How many businesses do you frequent on a daily basis? From restaurants, to law firms, to local shops, there is a wealth of opportunity right under your nose. It is simple but can seem so daunting at the same time. Smile, talk to that business owner you have seen for years, and tell them about your services and how they might benefit from them. Bring them a brochure of your work.
For businesses that you do not have a prior relationship with, try to locate the person in the company who will be in charge of hiring out the type of work that you want to do. It can be much less effective to just walk in the door blind with the aim of speaking to the first person you see. Your prospective chances will improve significantly if you can make a pointed and direct contact to an influential person within a business.
Seek out gathering spaces, such as a coffee shop, a bar, or an event space to hold a show. This is good for their business as it provides art on their walls and a reason for people to enter their establishment. For you, it provides a fun space to show your work. If you live in a smaller community, where a lot of people who know you will come across the work, then this can be a great strategy. If you can draw people to the space to help show and sell your work, then that is a good thing. Many gallerists hold pop-up galleries in addition to their permanent spaces for just this purpose. Consider doing similar pop-up events of your work.
However, there are some pitfalls to this strategy. Providing your work to a business for an open-ended period of time at no cost does not mean that the work will sell or that it will help you get noticed. I see artwork covering the walls of coffee shops all over New York, and most of it never moves. This is just giving the establishment free art with little or no benefit to you. You need to select the correct establishment, and you must have a way to draw people there with the specific purpose of seeing your art and hopefully purchasing it. Without that, this strategy can be as much of a drain on your time and resources as it can be a success. If these benefits are not there for you, the establishment should pay you for your work since you are providing a service to them. You are giving them an ambiance and improving the experience for their customers.

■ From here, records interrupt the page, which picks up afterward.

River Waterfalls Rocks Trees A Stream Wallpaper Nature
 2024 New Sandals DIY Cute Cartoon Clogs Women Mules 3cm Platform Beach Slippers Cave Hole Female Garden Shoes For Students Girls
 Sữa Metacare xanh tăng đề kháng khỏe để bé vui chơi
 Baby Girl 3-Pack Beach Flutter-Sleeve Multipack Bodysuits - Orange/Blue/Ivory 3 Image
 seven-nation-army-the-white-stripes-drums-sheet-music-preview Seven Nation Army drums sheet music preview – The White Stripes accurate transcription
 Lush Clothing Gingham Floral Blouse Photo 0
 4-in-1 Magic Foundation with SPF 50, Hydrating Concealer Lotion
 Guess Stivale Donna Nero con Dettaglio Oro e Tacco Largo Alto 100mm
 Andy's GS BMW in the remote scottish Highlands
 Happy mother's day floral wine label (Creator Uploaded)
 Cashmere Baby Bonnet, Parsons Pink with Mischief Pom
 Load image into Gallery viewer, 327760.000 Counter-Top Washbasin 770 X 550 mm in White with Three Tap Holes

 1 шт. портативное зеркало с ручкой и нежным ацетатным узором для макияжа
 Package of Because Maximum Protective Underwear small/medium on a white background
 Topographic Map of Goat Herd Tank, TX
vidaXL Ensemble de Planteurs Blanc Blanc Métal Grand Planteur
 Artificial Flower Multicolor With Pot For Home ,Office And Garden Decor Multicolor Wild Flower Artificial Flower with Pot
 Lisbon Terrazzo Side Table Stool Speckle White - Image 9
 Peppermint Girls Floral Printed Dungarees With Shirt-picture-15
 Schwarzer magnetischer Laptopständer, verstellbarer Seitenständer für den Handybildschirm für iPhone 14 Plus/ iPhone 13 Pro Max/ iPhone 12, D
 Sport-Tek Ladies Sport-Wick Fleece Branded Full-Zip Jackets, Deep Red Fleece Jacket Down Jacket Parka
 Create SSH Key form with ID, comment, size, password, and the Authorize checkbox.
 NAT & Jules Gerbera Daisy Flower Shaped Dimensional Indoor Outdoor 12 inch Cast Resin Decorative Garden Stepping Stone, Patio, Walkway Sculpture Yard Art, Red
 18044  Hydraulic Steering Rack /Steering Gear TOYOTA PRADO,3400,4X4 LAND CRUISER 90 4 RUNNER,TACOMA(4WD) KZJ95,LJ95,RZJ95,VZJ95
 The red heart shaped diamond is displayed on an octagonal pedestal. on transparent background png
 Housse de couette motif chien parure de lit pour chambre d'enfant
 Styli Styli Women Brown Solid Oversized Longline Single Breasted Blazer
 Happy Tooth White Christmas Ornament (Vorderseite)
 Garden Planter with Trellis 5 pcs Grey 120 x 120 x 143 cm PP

Another example to consider is contacting an acting or music teacher at a local school and offering to photograph the students. If you do well, it will help build your portfolio and both the students and the teachers alike will tell others of your services. Hang an advertisement in a local business, do work for a local website, sell your work at a local fair; there are many creative ways to integrate what you do into your community.
There is an infamous and successful example of this type of strategy employed by a guitar teacher named Dan Smith in New York City. Beginning in the 1990s, Dan hung small ads in doorways and vestibules in businesses all over Manhattan. You could not walk into a diner or coffee shop without seeing one, and these ads persist today. He has built a business out of this single marketing strategy, and it lead him to be so ubiquitous that even The New York Times ran a profile of him.
The repetition is what worked for him, and it was not annoying; it was almost humorous and became a defining characteristic of growing up in the city. This is an example of the 80/20 rule’s applicability. Dan found a strategy that worked and pushed it to the extreme. It only worked because of the extreme measures that he took in plastering so much of the city with his ads. Other music teachers pasted their ads around the city, but none did it like Dan.
The application of local marketing strategies will all combine to create an overall awareness of your business in the community. Some of the individual pieces might seem small, and all of this may seem tedious at first, but all together they can be very powerful.